Task objective
Each line that contains the word "Building" is to be copied from the records below.
┄┄┄┄┄┄
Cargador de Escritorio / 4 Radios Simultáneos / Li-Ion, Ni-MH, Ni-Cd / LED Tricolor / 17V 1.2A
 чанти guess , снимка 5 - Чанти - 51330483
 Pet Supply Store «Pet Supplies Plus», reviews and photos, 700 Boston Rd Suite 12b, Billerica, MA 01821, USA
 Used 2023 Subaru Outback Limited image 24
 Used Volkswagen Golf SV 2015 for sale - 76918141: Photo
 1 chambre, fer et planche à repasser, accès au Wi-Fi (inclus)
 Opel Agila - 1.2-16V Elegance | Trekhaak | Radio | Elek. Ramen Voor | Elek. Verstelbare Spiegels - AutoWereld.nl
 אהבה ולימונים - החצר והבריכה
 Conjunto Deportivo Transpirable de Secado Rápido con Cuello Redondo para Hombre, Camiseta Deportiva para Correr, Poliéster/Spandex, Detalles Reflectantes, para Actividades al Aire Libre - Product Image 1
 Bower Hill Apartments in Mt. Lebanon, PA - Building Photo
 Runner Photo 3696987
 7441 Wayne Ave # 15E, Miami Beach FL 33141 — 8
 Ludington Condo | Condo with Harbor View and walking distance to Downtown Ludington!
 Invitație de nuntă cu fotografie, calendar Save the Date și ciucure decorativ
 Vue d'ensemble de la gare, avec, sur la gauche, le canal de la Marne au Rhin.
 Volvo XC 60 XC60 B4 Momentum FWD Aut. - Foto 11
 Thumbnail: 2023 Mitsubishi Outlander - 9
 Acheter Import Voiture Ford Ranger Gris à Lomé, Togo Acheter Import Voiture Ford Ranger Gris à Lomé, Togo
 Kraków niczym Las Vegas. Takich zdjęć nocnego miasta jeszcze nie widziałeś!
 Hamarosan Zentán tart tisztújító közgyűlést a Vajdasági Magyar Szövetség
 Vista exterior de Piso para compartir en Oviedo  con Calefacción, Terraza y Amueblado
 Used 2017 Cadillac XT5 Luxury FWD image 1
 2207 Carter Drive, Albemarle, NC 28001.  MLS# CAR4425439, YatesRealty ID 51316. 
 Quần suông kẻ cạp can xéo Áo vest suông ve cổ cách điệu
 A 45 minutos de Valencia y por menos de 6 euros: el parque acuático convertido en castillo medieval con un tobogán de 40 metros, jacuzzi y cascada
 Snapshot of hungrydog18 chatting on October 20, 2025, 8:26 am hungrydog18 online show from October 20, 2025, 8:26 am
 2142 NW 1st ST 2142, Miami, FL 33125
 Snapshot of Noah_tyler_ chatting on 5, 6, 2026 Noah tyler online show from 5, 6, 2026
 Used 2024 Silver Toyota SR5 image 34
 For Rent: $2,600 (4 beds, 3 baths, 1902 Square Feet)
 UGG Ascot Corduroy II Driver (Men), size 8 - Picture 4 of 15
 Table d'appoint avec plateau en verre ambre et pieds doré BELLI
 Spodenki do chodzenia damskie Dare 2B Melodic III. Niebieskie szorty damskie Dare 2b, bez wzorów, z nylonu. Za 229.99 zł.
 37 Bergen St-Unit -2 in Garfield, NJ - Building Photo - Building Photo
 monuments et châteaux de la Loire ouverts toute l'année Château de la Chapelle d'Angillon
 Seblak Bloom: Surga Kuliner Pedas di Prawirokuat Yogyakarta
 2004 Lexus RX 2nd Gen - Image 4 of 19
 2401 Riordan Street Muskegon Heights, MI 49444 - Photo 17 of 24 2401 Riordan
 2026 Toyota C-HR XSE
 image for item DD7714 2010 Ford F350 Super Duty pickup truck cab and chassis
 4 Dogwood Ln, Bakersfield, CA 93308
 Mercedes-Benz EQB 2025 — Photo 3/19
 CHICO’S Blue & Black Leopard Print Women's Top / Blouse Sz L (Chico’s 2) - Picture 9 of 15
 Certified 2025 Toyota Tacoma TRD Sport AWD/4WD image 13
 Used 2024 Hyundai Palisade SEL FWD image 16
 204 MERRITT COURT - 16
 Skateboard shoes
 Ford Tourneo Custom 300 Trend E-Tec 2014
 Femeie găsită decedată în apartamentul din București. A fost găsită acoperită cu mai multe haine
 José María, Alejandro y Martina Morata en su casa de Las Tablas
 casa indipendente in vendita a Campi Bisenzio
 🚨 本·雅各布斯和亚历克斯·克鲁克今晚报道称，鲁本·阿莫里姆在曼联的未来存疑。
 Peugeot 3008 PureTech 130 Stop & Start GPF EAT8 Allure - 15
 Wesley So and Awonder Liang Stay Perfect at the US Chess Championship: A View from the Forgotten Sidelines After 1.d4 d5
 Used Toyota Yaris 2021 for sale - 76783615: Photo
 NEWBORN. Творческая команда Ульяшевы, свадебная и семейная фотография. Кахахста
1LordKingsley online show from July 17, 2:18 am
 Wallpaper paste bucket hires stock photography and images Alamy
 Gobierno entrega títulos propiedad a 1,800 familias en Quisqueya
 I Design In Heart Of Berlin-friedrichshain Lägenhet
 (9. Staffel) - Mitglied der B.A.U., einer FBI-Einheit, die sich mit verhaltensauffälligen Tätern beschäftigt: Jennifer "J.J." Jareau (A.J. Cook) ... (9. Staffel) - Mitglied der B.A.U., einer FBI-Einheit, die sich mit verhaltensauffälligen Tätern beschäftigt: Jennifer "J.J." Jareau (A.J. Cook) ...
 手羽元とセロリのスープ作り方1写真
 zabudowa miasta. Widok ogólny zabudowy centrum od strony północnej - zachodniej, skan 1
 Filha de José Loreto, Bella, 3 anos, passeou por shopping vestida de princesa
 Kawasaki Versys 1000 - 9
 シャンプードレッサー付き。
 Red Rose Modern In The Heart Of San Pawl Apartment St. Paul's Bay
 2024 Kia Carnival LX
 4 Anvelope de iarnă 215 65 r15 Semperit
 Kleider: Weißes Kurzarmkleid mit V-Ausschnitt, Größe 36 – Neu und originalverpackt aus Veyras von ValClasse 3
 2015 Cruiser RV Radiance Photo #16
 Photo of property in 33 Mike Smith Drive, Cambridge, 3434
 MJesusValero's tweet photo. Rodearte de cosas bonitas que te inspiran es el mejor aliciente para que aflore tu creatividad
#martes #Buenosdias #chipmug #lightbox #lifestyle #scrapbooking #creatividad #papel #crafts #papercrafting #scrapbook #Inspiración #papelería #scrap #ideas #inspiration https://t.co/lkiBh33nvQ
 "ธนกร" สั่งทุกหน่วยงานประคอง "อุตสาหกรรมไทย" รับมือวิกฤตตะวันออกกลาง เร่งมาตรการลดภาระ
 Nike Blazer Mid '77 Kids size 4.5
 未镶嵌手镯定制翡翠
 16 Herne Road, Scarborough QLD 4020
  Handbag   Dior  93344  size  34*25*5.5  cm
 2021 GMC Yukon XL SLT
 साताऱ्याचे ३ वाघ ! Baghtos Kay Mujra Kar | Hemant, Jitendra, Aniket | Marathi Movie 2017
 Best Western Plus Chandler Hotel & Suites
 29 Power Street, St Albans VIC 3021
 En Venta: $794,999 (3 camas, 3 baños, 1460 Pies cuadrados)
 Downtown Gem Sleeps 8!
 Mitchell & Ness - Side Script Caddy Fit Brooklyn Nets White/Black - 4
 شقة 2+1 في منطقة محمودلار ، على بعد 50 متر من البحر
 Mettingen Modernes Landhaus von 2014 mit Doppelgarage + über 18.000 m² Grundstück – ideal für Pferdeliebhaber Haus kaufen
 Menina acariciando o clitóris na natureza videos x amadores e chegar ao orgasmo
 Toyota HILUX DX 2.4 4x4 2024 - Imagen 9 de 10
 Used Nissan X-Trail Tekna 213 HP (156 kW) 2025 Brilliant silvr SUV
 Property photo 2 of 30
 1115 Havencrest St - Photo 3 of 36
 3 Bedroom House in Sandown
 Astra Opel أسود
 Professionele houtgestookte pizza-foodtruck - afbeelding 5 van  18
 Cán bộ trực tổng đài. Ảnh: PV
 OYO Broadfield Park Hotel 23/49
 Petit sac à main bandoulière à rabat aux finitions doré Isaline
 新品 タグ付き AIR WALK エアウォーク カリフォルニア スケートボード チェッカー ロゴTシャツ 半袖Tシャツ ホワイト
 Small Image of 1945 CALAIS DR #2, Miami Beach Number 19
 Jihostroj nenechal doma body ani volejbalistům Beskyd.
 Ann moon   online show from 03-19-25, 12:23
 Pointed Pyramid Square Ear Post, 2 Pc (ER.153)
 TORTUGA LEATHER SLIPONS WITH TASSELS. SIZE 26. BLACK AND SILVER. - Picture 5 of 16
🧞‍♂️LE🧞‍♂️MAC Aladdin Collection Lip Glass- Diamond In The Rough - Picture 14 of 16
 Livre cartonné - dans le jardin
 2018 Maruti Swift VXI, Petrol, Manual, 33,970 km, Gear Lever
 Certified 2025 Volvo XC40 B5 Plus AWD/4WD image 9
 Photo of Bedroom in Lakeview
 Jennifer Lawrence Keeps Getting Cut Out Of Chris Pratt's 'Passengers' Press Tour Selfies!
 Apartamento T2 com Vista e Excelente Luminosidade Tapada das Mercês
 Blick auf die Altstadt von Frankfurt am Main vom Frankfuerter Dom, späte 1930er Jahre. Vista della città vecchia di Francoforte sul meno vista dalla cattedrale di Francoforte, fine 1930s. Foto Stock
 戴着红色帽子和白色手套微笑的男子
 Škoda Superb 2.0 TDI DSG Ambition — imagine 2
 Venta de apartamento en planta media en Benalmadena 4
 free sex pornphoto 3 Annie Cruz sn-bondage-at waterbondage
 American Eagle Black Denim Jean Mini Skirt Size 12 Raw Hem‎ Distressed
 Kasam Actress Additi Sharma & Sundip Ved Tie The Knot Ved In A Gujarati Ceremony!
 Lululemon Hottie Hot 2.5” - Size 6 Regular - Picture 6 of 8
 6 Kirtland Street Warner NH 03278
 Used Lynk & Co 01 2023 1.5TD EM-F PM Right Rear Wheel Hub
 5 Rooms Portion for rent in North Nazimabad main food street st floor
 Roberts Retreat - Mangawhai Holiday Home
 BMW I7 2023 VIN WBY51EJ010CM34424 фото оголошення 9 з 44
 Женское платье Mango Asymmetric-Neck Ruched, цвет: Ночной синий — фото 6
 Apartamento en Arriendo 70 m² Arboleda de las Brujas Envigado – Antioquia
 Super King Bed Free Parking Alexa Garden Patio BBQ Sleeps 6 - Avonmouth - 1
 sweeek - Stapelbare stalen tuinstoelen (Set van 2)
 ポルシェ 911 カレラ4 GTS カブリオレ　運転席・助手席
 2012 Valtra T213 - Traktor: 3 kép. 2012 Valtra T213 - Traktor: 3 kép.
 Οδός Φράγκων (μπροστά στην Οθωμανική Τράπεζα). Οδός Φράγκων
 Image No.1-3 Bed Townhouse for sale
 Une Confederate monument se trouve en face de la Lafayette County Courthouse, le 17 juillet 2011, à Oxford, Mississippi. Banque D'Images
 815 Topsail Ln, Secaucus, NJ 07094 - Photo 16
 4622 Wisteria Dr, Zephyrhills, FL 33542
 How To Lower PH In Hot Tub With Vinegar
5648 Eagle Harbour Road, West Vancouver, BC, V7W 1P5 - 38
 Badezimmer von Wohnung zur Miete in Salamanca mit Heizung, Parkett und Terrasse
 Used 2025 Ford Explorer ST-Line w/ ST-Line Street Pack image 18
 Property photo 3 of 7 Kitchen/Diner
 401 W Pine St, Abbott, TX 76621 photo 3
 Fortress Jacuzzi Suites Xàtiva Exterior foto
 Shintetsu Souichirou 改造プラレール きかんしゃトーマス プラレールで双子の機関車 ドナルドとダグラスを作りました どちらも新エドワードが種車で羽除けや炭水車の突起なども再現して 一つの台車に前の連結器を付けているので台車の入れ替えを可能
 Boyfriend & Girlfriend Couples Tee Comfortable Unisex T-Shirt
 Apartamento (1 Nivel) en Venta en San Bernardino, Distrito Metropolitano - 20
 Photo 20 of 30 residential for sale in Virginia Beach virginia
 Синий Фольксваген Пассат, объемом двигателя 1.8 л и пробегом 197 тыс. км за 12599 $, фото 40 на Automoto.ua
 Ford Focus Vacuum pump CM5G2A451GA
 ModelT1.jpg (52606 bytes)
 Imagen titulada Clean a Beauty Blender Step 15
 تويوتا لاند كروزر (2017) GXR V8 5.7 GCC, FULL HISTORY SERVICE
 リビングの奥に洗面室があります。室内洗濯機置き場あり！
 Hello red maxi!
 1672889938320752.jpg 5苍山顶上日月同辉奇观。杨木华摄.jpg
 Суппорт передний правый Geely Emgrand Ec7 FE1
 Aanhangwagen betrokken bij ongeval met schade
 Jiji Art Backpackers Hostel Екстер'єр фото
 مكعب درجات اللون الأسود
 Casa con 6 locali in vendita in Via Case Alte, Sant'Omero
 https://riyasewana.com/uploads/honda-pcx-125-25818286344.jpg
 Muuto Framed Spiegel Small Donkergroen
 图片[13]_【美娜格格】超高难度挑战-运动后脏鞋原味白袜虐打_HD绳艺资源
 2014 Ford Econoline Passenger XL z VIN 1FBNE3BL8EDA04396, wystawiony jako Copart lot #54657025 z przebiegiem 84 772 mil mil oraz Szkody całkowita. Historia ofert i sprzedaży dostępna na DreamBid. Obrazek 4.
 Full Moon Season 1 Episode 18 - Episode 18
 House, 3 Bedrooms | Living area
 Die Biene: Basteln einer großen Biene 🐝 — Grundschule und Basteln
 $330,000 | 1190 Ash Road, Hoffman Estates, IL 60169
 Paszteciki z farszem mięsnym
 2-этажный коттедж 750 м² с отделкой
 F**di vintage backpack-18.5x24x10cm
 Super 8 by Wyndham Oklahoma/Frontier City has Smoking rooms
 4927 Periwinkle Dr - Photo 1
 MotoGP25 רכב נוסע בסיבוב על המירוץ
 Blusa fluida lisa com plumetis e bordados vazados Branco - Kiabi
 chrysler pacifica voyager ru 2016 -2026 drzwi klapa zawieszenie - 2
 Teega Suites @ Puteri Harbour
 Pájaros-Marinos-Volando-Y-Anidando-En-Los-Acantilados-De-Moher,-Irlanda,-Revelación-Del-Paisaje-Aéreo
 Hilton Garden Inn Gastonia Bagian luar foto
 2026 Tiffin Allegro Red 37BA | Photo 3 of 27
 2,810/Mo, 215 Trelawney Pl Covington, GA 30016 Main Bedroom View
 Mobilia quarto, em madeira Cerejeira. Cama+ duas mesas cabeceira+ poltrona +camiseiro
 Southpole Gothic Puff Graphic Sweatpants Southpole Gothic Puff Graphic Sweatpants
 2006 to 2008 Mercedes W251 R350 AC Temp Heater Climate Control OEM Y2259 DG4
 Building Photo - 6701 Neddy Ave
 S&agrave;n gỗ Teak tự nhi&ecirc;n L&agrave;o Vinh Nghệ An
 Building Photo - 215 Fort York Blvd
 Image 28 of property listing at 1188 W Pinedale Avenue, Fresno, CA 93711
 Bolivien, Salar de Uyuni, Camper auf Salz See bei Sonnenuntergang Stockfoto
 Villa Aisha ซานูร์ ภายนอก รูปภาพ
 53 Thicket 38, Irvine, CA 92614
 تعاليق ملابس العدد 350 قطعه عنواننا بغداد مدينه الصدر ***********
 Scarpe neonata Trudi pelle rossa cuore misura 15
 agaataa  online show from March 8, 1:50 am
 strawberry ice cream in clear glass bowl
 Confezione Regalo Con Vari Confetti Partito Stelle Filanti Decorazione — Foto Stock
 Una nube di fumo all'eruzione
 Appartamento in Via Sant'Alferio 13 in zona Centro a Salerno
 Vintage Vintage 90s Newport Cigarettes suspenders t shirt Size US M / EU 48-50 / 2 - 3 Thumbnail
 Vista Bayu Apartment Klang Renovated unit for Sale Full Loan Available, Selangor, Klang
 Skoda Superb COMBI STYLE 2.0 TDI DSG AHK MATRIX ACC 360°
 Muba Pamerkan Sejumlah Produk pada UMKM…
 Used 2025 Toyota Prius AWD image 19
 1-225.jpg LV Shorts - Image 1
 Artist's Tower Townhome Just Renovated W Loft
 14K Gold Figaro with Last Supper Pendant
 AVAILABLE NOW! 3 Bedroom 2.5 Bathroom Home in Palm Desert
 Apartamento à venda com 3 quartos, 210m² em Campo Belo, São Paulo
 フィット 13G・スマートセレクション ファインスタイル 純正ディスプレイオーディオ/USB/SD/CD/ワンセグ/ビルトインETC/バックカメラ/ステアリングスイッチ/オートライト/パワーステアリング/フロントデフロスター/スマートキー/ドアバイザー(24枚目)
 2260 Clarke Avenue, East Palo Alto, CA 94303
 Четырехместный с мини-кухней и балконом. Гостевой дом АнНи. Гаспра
┄┄┄┄┄┄
Solution
 Bower Hill Apartments in Mt. Lebanon, PA - Building Photo
 37 Bergen St-Unit -2 in Garfield, NJ - Building Photo - Building Photo
 Building Photo - 6701 Neddy Ave
 Building Photo - 215 Fort York Blvd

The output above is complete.